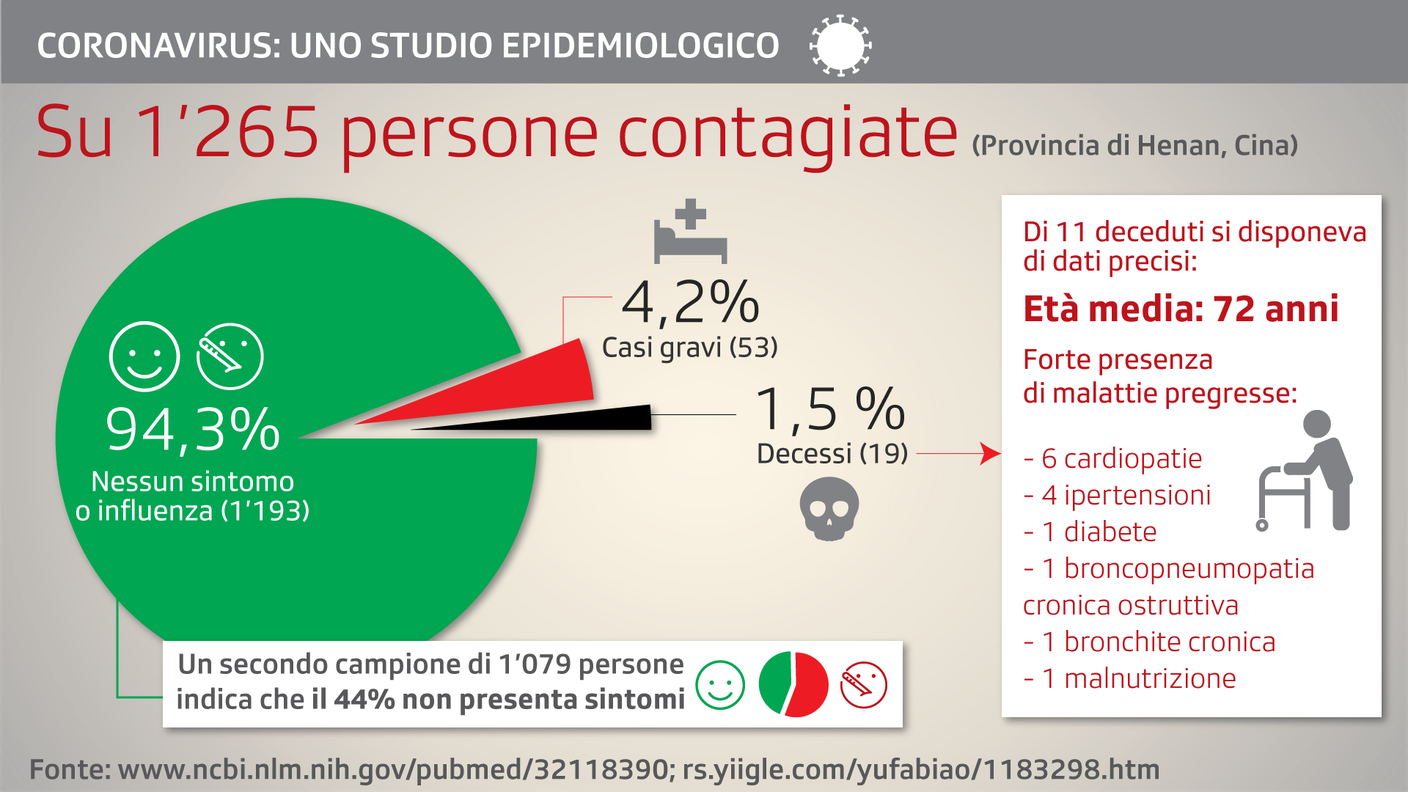 Il decorso della malattia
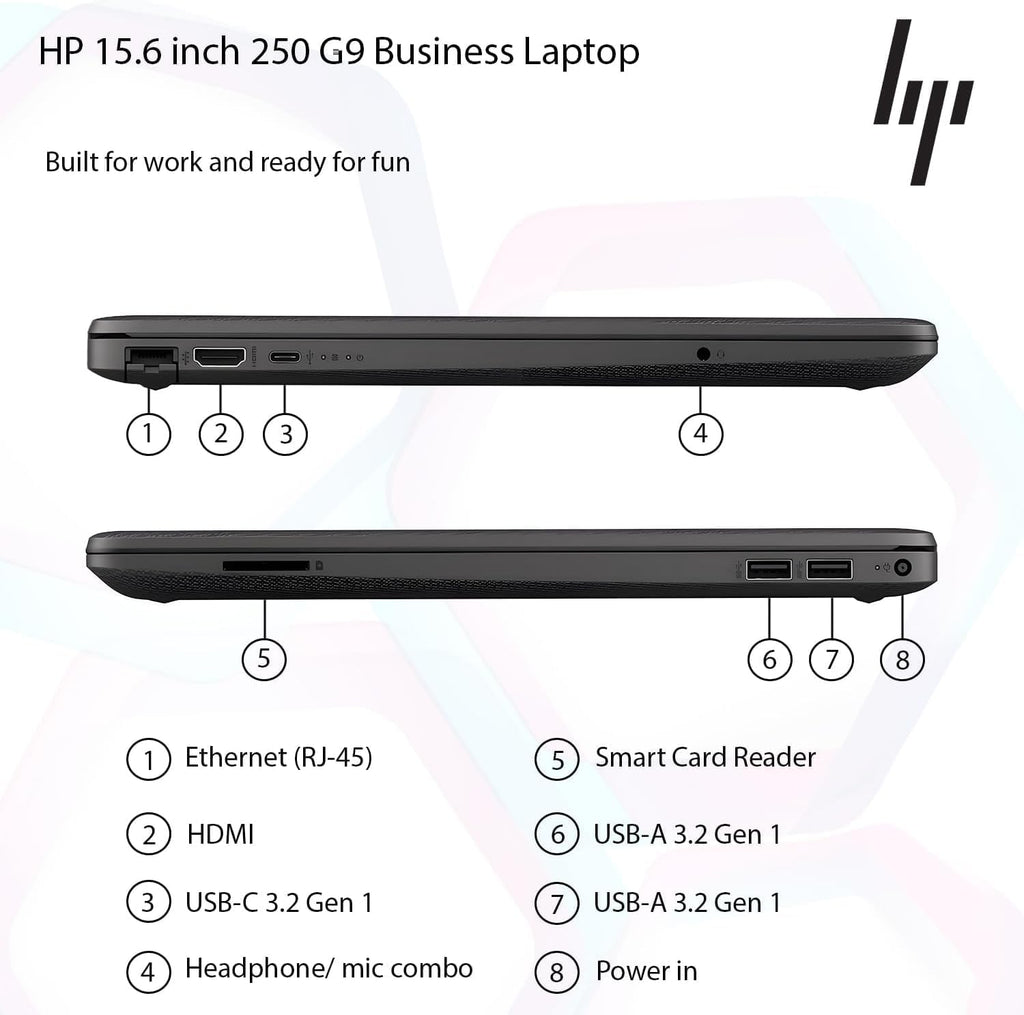 HP Latest 15.6' FHD Laptop with Microsoft Office, Intel Core i5-1335U Processor(Beat 12th i7), Wi-Fi 6, Copilot AI, 12GB RAM | 256GB PCIe SSD, Win11 Pro, for Work&Study, w/WOWPC Recovery USB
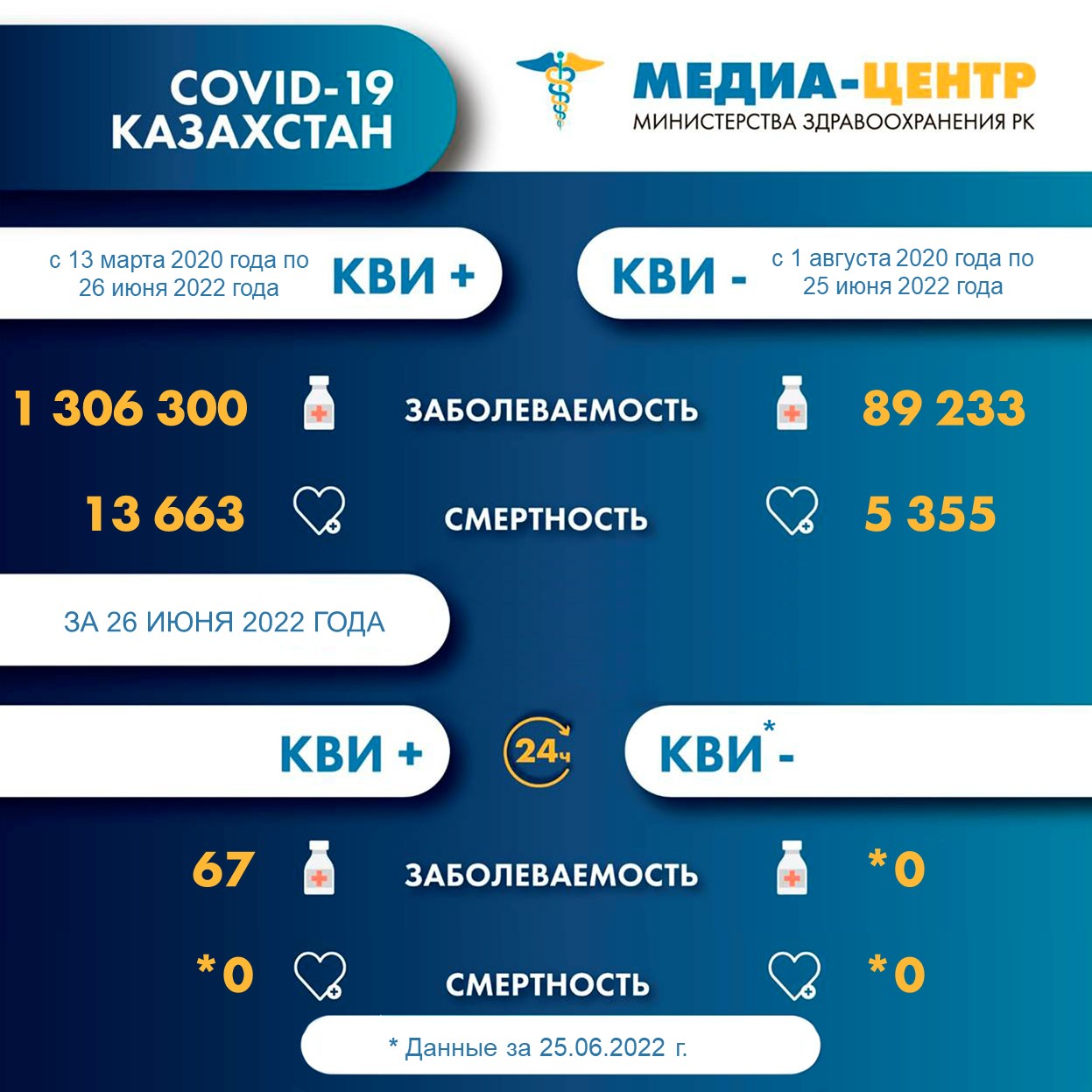 Информация о заболеваемости коронавирусной инфекцией в РК на 27.06.2022г.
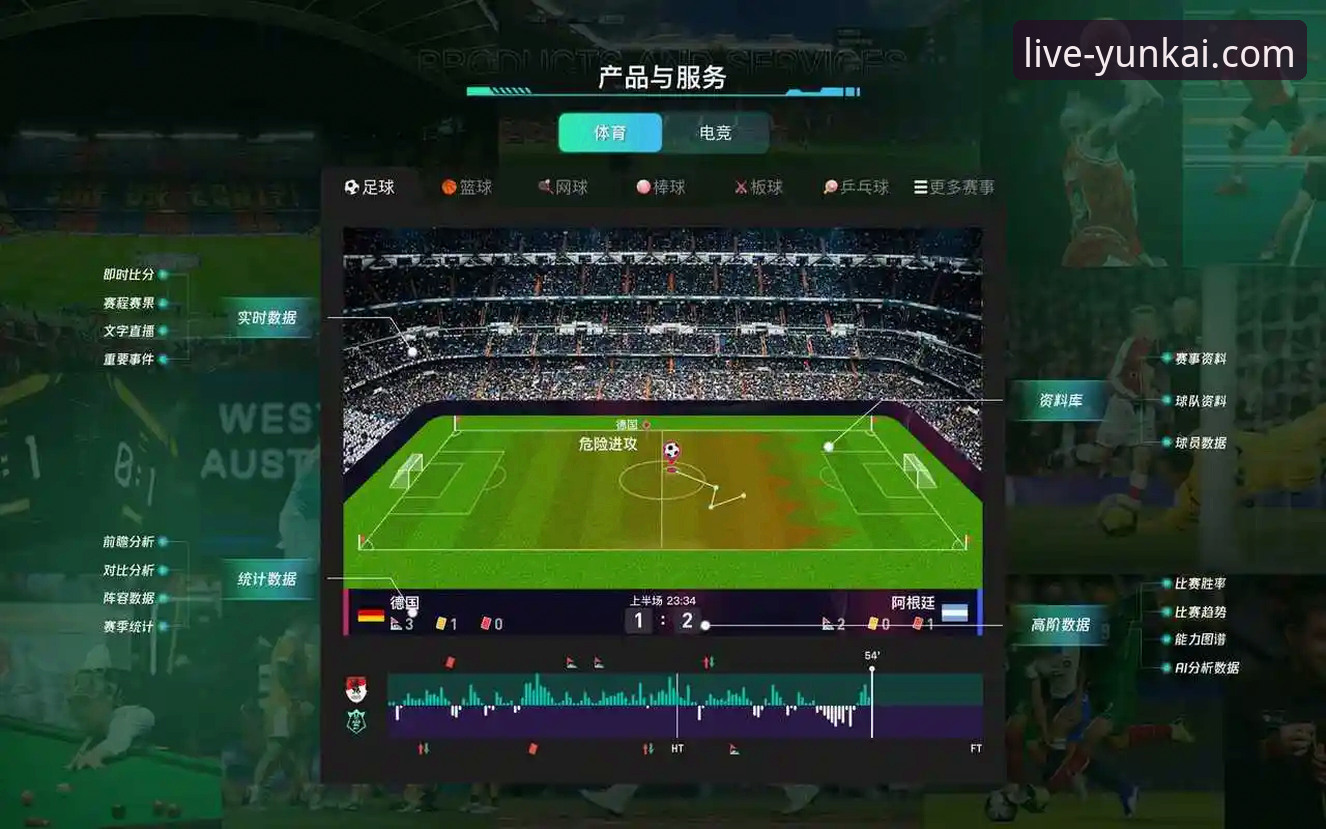 云开体育平台网页版深度评测：从界面交互到直播体验的全方位教程解析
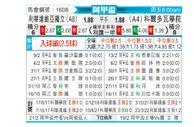 [阿甲] 门多萨独立vs科尔多瓦学院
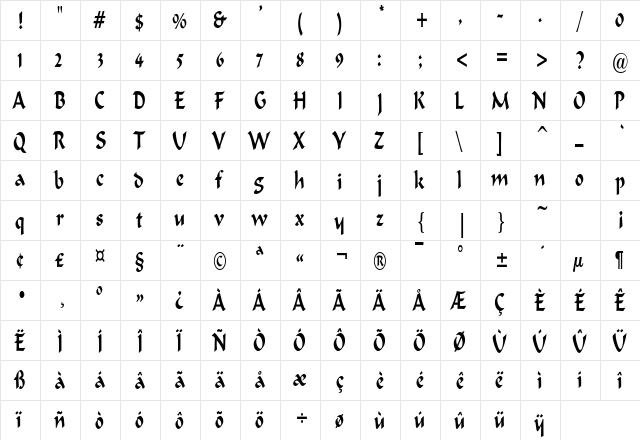 HaremCondensed Regular  glyph index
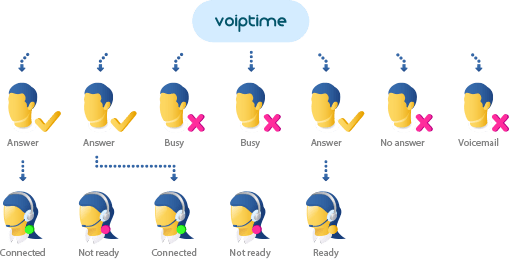 VoIPTime Contact Center: Эффективная система исходящего обзвона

______________________________

Requirement: Would you output all of the entries above exactly, keeping the pictures out?

Answer space:
 Il decorso della malattia
 HP Latest 15.6' FHD Laptop with Microsoft Office, Intel Core i5-1335U Processor(Beat 12th i7), Wi-Fi 6, Copilot AI, 12GB RAM | 256GB PCIe SSD, Win11 Pro, for Work&Study, w/WOWPC Recovery USB
 Информация о заболеваемости коронавирусной инфекцией в РК на 27.06.2022г.
 云开体育平台网页版深度评测：从界面交互到直播体验的全方位教程解析
 [阿甲] 门多萨独立vs科尔多瓦学院
 HaremCondensed Regular  glyph index
 VoIPTime Contact Center: Эффективная система исходящего обзвона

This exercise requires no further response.